After 21 league games this year, Chelsea have won 12, lost 4 and drawn 5. 

The records are very, very similar. 

Now let’s jump to Pep’s first season, because there are even more similarities here. Because after 21 league games, City had won 13, drawn 3, and lost 5 – and were actually two points worse off that Chelsea are currently (with, it must be said, a superior squad to our current crop). 

The point is, to implement a footballing philosophy, rather than simple tactical formation, takes time. 

And this brings me to my next point. Chelsea have, for at least 5-6 years, played a counter-attacking, more defensive, low-block style of football. Their instincts are trained to kick the ball long, direct, sit back and wait for teams to come on, and hit on the counter attack. 

Over time, this has been drilled into our players. Not just their minds, but their bodies. Their instincts, muscle memories, are all about counter attacking, more direct football. 

To change the philosophy, and play Sarri’s style with the pace and intensity, and confidence which it needs, means players need to unlearn old instincts, habits, and mentality, and to retrain their bodies and minds to think and react differently. Learn new instincts. And this takes time when you’ve been playing a certain way most of your career. 

That’s the reason we’re not playing Sarri’s football at the pace and with the confidence of Napoli last year, or even the year before. Because most of our players – Jorginho apart – still have to think about what they’re doing on the pitch, still have to choose to Sarri way consciously. That slows the play down, and means you’re not playing with quite as much confidence yet. 
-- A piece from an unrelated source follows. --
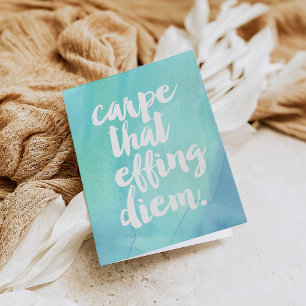 Carpe som ger vattenfärgen Diem Aqua vattenfärg Kort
This brings me to the next point. When you’re learning a philosophy and things go wrong, it’s easy to return to old habits. Our performances have shown that we can play Sarri’s way with a degree of confidence when we’re level or in front, but as soon as a team plays a low block, or gets a goal, we lose our confidence, our heads, and our football – and start returning to old mentality, old style. It’s slowly changing, but it’s going to take more time to implement. 

The final point. Sarri only had a short-pre-season and a tight transfer window, with players returning late from a World Cup. He had barely any time to assess the squad, to see what he needed to change, or start work with the full squad, before the season started.

Chelsea know we need dramatic changes in the squad. We have ageing attackers in Willian and Pedro – Chelsea are already beginning to address this with the signing of Christian Pulisic, and both strikers need replacing. We may well need a CB soon if both Cahill and Luiz depart, and a new RB to replace the soon to go Zappacosta. 

That’s why this and the next transfer window are so important. It will finally give Sarri the chance to rebuild the squad, inject more quality, more pace, more goals, and fresh energy. Players who are more suited to his style of play. And next season he’ll have a full pre-season to prepare these players, a summer less distracted by negotiations over his future, where he can focus fully on his work. 

Napoli’s story tells us his teams and their football improved season on season. More points, more goals, more wins, and better football. Maurizio Sarri said back in the summer it would take time to implement his system, and there could be some defeats along the way. 

All you need to do is scour YouTube for Napoli last season, and you’ll see what Sarrismo or Sarriball is meant to look like. And given time, and the right players, this is what Sarri can and will bring to Chelsea.

It’s up to Chelsea and the fans now, to give him that time.